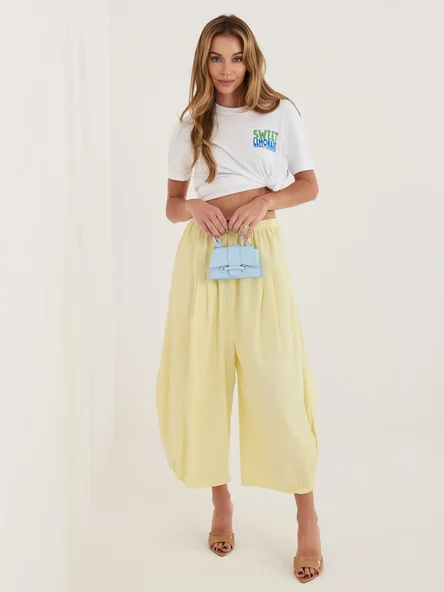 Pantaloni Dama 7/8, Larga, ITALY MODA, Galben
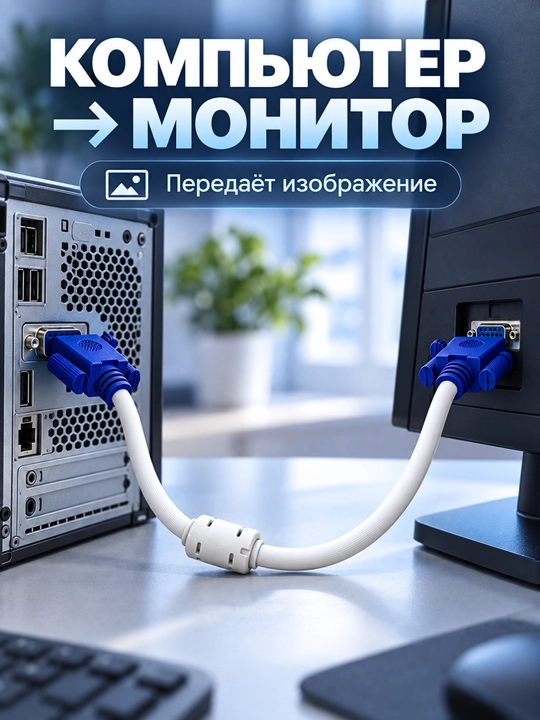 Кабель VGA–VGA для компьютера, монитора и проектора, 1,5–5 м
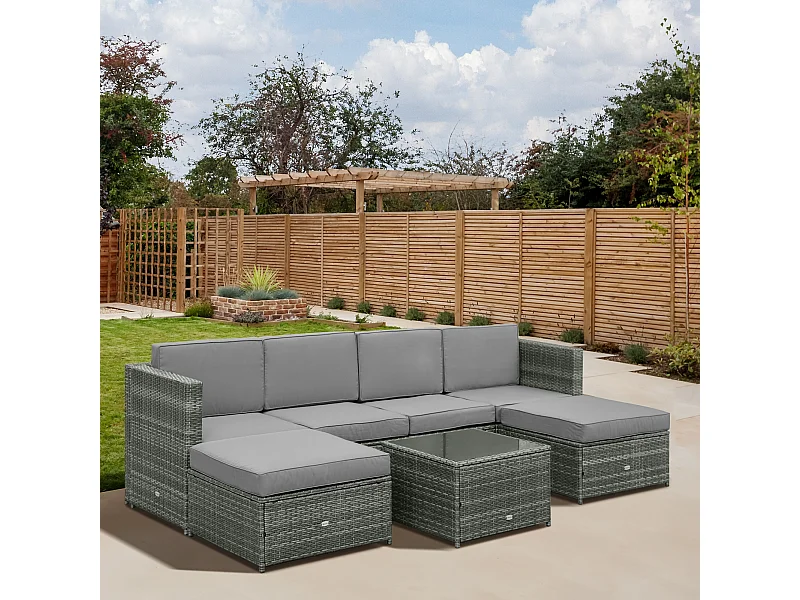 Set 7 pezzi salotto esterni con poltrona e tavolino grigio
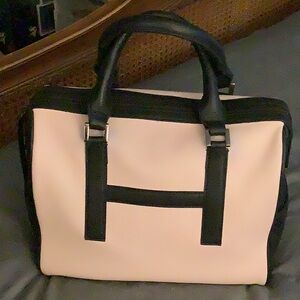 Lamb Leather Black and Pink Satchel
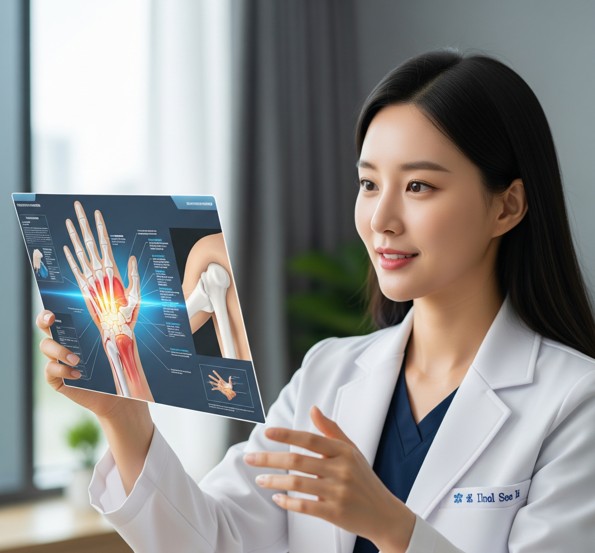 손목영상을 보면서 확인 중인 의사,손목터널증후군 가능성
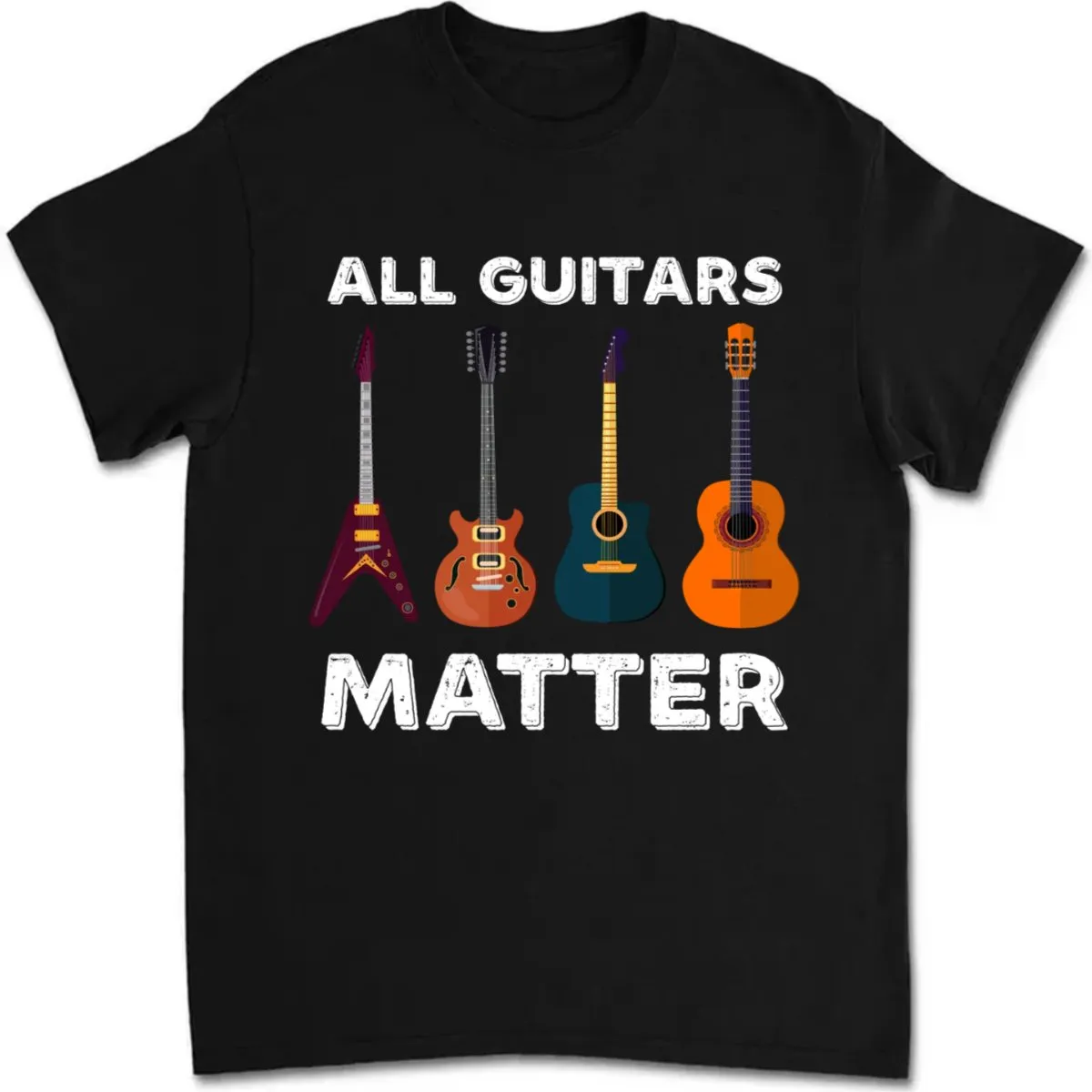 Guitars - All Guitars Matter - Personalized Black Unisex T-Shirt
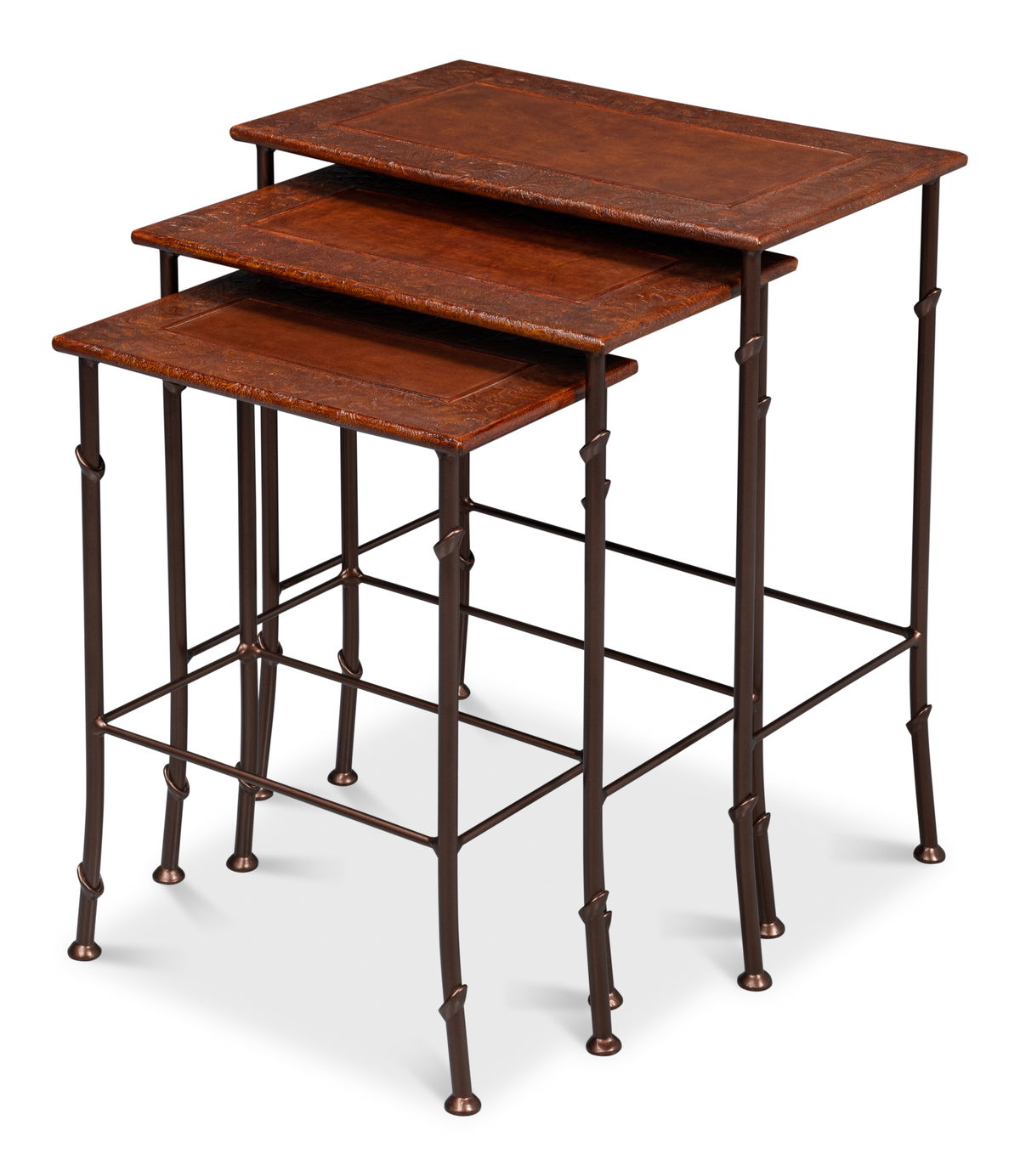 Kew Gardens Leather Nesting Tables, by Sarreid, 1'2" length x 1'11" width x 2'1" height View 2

|---|

HOW TO COMPLETE THIS TASK. Each line from the one that holds "Кабель VGA–VGA для" through the end of the entries must be returned exactly, while any pictures stay out.

RESPONSE TO THE TASK.
 Кабель VGA–VGA для компьютера, монитора и проектора, 1,5–5 м
 Set 7 pezzi salotto esterni con poltrona e tavolino grigio
 Lamb Leather Black and Pink Satchel
 손목영상을 보면서 확인 중인 의사,손목터널증후군 가능성
 Guitars - All Guitars Matter - Personalized Black Unisex T-Shirt
 Kew Gardens Leather Nesting Tables, by Sarreid, 1'2" length x 1'11" width x 2'1" height View 2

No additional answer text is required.